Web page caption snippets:
○ ○ ○
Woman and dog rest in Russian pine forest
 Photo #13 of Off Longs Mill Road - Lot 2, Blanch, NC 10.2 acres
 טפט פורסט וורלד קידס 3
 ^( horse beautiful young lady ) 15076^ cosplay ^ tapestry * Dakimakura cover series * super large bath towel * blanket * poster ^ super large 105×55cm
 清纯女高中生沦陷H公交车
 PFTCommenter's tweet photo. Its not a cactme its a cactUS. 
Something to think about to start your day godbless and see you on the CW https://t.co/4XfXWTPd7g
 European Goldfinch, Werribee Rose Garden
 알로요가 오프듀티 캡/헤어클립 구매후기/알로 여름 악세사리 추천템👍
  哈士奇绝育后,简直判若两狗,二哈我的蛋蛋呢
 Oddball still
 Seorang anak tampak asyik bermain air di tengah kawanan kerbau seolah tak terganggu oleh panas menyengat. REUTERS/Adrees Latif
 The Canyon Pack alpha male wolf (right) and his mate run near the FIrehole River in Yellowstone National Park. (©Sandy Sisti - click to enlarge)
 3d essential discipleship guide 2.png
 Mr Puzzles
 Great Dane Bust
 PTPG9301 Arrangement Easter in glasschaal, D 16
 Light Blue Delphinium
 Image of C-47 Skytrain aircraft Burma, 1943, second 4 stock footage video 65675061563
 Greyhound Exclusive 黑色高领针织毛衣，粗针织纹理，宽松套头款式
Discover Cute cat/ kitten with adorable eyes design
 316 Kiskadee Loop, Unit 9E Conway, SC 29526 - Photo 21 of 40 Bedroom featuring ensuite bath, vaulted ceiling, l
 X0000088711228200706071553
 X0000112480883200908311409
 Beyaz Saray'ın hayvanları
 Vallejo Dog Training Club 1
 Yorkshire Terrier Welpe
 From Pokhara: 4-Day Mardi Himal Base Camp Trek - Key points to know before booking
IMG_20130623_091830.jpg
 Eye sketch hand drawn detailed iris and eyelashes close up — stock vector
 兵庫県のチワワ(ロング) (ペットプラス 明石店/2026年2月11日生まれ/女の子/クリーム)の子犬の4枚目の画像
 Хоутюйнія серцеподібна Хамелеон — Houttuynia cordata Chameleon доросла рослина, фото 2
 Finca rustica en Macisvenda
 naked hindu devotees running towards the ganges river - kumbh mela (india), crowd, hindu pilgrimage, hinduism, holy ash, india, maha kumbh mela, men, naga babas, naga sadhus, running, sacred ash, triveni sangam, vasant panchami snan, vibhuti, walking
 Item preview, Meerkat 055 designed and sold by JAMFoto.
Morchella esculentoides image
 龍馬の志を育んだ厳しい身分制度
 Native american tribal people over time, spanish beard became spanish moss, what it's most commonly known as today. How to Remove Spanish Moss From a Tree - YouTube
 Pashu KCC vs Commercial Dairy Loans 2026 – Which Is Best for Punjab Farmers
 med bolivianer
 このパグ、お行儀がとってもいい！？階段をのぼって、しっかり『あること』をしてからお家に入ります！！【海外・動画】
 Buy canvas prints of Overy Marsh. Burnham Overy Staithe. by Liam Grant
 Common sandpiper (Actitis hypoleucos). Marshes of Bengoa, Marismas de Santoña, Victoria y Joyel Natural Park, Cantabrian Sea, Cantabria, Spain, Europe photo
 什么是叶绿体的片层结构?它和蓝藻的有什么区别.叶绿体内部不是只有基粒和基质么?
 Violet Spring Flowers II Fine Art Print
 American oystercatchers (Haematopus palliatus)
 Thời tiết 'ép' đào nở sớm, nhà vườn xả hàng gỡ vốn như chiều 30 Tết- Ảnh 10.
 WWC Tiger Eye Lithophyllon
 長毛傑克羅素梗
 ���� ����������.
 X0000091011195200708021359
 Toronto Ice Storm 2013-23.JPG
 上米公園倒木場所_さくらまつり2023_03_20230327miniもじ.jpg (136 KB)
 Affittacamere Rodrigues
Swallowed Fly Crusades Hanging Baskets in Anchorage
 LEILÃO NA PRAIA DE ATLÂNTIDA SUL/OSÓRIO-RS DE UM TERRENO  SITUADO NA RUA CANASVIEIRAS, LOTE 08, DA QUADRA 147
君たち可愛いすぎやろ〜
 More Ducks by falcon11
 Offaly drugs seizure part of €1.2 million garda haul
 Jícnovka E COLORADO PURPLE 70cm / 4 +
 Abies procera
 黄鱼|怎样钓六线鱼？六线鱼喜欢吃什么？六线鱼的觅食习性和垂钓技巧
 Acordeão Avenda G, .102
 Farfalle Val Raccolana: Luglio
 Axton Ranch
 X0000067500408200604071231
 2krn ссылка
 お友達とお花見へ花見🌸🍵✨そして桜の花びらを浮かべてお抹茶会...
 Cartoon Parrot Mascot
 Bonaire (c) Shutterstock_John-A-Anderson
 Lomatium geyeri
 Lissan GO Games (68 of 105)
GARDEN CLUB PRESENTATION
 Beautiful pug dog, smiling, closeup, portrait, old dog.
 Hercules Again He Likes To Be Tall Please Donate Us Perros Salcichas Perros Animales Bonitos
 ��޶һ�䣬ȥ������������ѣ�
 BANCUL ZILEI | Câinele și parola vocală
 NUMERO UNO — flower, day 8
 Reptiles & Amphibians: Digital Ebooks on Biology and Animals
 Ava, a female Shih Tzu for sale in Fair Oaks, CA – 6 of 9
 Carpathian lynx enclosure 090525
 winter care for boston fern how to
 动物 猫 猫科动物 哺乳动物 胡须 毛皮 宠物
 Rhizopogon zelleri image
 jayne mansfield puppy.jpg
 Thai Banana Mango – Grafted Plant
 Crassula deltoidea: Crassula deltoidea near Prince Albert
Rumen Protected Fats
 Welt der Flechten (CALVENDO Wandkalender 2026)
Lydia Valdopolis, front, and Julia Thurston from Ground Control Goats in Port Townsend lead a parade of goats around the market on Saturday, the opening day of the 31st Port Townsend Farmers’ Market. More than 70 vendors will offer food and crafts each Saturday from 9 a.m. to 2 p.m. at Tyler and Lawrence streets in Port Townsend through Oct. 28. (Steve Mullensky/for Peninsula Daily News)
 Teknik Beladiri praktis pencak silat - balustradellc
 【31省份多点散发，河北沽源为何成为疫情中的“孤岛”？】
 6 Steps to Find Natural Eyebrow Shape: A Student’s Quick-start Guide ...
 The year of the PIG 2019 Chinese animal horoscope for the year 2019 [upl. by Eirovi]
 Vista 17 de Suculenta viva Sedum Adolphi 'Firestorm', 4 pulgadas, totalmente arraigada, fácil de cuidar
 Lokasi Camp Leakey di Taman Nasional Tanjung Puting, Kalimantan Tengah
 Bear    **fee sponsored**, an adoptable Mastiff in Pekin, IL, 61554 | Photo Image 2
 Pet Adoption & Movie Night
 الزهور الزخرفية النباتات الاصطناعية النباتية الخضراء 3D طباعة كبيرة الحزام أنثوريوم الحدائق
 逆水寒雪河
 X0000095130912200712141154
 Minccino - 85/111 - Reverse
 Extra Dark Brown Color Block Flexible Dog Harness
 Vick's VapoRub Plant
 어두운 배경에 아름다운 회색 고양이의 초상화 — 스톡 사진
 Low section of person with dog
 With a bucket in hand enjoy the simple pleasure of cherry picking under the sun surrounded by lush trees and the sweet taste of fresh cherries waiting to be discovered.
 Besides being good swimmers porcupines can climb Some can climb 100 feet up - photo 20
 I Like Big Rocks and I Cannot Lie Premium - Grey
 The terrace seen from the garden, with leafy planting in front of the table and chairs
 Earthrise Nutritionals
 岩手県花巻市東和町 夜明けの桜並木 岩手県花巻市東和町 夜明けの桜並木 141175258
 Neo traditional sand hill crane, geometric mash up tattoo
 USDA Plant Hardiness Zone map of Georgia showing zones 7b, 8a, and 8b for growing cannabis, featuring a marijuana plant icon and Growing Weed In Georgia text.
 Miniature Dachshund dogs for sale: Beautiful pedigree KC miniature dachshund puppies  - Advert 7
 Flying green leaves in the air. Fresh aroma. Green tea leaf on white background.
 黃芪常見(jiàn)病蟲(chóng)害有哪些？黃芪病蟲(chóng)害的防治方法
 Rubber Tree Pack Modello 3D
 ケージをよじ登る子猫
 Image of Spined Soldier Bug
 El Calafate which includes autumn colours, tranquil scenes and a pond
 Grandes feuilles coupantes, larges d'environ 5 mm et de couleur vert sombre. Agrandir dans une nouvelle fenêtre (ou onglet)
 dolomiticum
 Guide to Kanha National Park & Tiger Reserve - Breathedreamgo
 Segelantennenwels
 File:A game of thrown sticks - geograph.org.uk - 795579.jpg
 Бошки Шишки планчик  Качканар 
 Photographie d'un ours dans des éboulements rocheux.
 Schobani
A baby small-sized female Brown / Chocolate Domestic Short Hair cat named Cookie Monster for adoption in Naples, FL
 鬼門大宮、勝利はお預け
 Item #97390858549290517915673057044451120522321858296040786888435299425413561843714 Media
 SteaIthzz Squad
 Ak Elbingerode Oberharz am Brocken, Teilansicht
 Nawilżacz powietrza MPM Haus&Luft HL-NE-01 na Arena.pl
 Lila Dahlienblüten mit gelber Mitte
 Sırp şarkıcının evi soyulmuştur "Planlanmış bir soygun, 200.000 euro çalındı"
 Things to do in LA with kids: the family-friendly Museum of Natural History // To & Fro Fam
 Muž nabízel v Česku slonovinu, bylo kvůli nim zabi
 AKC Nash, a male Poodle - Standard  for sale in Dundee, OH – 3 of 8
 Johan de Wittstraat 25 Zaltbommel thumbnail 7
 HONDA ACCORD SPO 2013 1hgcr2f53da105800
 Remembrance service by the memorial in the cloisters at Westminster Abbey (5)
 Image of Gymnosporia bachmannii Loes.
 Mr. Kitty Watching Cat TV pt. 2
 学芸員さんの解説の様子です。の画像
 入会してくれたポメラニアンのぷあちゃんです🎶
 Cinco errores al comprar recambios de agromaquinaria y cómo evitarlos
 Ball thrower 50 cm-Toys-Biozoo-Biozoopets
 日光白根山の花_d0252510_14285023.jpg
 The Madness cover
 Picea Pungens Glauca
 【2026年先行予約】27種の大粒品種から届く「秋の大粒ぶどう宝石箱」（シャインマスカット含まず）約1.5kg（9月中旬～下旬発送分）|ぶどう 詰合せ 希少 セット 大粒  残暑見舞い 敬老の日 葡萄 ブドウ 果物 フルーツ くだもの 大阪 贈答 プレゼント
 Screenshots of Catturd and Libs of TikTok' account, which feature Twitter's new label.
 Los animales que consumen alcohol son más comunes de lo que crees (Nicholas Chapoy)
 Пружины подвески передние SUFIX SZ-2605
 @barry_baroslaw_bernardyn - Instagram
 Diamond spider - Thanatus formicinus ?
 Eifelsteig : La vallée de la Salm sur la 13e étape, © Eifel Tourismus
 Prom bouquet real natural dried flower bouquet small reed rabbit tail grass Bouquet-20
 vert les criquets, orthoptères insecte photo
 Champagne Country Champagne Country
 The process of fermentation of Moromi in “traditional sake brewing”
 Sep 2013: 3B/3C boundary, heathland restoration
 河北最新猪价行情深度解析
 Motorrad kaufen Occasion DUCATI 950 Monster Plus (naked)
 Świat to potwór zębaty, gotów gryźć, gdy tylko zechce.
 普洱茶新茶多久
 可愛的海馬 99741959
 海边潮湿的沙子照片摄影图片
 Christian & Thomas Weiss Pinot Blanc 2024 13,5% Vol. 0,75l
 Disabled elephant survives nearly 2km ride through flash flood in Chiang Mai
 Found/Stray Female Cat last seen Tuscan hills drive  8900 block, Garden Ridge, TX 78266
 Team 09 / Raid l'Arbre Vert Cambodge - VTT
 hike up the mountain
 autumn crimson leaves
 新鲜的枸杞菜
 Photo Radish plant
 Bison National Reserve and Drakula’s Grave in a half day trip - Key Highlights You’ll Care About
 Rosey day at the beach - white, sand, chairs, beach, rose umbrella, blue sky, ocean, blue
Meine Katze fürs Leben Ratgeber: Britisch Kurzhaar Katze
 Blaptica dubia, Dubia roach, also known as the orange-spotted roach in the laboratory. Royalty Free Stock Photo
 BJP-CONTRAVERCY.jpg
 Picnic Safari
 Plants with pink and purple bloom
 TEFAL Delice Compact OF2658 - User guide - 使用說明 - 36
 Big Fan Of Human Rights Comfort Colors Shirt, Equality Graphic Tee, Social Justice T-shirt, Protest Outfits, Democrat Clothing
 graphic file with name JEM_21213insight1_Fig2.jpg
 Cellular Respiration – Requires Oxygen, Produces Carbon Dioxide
○ ○ ○
▶ [ACTIVITY]:
The lines above, from the first through the one containing "Something to think", must be restated word for word, with nothing added.

▶ [RESPONSE AREA]:
Woman and dog rest in Russian pine forest
 Photo #13 of Off Longs Mill Road - Lot 2, Blanch, NC 10.2 acres
 טפט פורסט וורלד קידס 3
 ^( horse beautiful young lady ) 15076^ cosplay ^ tapestry * Dakimakura cover series * super large bath towel * blanket * poster ^ super large 105×55cm
 清纯女高中生沦陷H公交车
 PFTCommenter's tweet photo. Its not a cactme its a cactUS. 
Something to think about to start your day godbless and see you on the CW https://t.co/4XfXWTPd7g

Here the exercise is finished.